-- PROBLEM DETAILS --
Where the line containing "Gebruikt 2012 Mercedes" appears below, start there and repeat each line exactly to the end. Leave the pictures out.

[Caption-style text data]
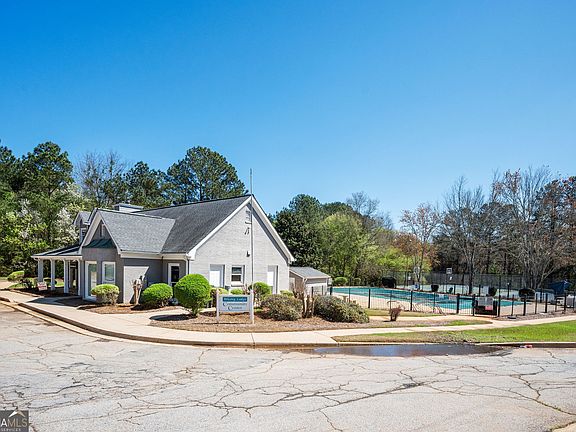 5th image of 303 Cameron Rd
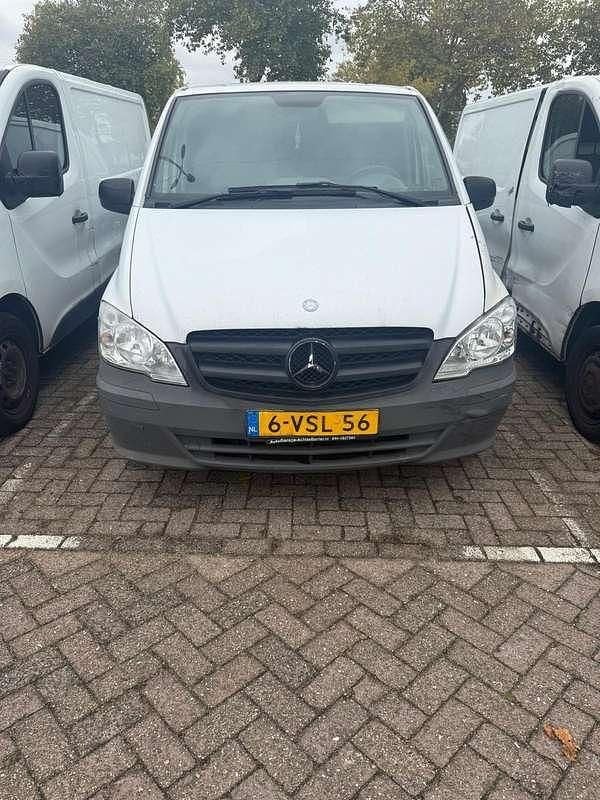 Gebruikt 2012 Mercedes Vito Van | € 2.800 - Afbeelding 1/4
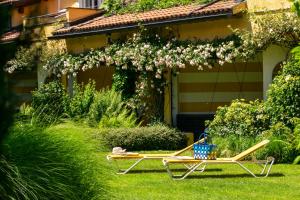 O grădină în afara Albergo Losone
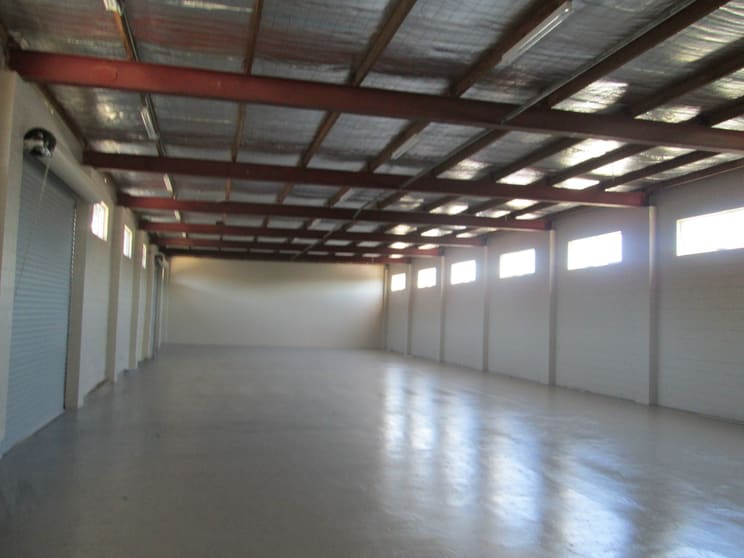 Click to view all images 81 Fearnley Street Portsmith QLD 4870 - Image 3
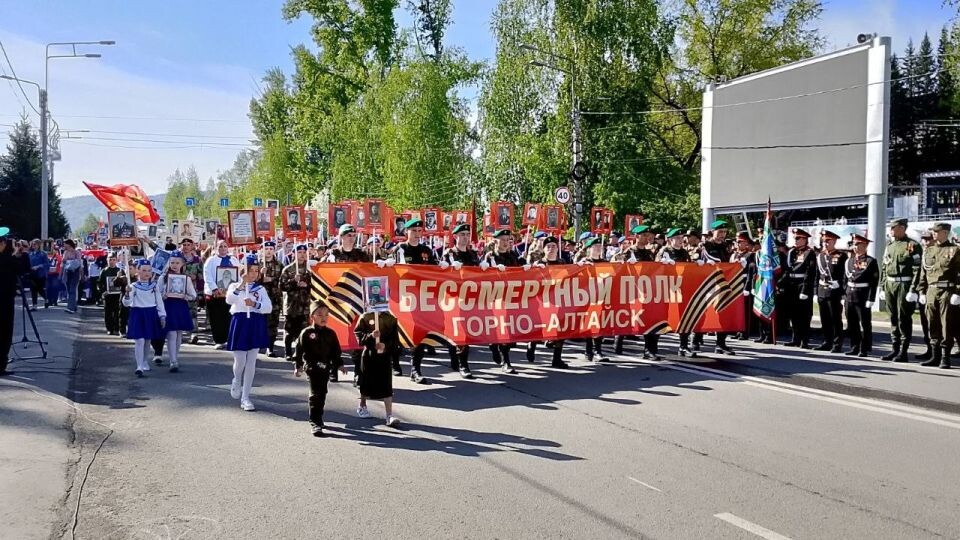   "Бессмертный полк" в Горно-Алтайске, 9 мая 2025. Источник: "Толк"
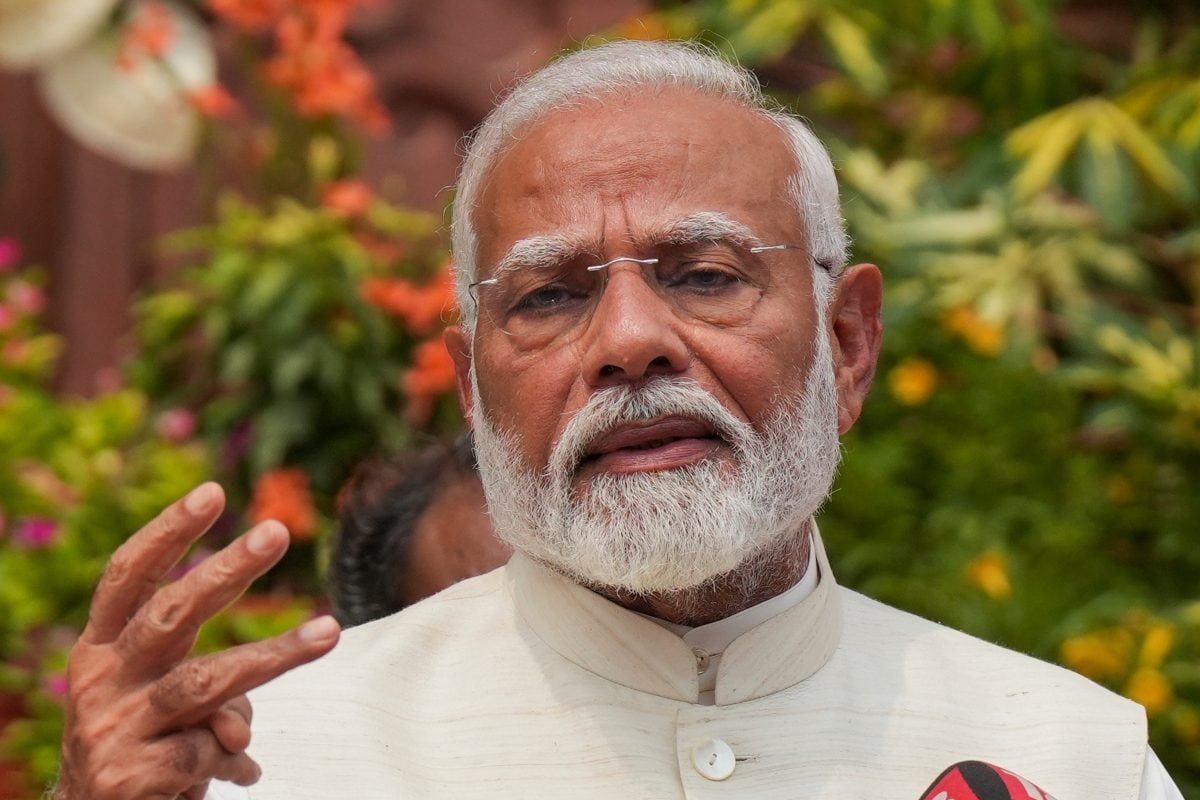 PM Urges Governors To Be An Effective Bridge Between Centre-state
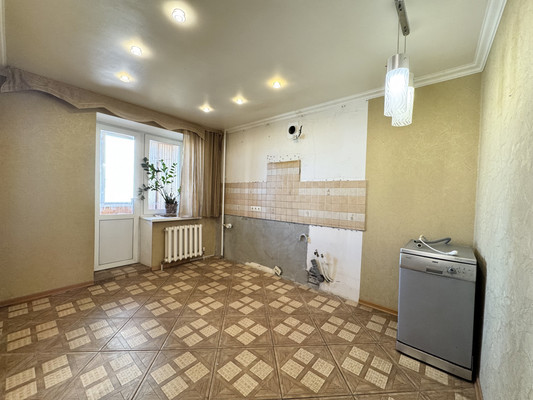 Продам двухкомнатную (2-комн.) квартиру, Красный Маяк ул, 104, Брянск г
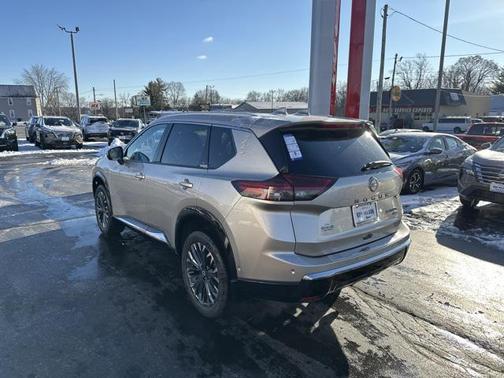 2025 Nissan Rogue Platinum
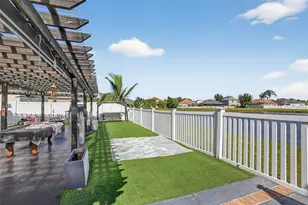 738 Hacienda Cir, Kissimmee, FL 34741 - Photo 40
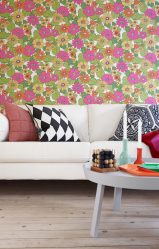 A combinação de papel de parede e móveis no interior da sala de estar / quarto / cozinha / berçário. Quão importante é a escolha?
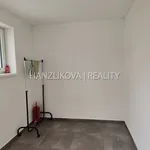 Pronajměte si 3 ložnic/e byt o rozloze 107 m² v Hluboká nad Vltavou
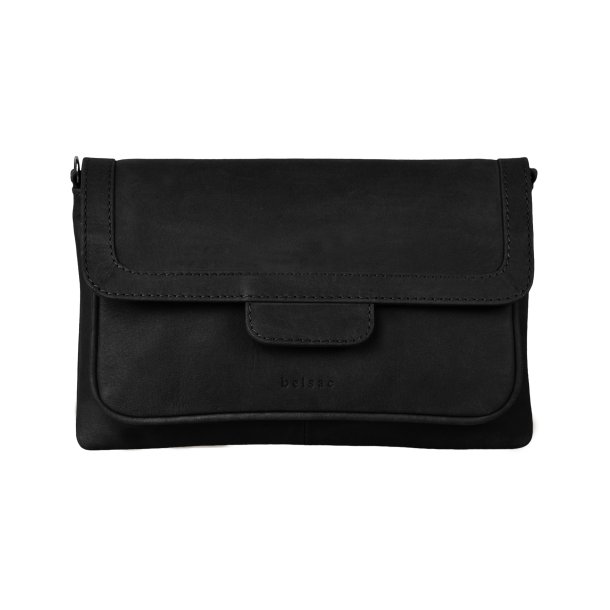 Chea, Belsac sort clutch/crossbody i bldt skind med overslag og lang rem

-- SOLUTION --
 Gebruikt 2012 Mercedes Vito Van | € 2.800 - Afbeelding 1/4
 O grădină în afara Albergo Losone
 Click to view all images 81 Fearnley Street Portsmith QLD 4870 - Image 3
   "Бессмертный полк" в Горно-Алтайске, 9 мая 2025. Источник: "Толк"
 PM Urges Governors To Be An Effective Bridge Between Centre-state
 Продам двухкомнатную (2-комн.) квартиру, Красный Маяк ул, 104, Брянск г
 2025 Nissan Rogue Platinum
 738 Hacienda Cir, Kissimmee, FL 34741 - Photo 40
 A combinação de papel de parede e móveis no interior da sala de estar / quarto / cozinha / berçário. Quão importante é a escolha?
 Pronajměte si 3 ložnic/e byt o rozloze 107 m² v Hluboká nad Vltavou
 Chea, Belsac sort clutch/crossbody i bldt skind med overslag og lang rem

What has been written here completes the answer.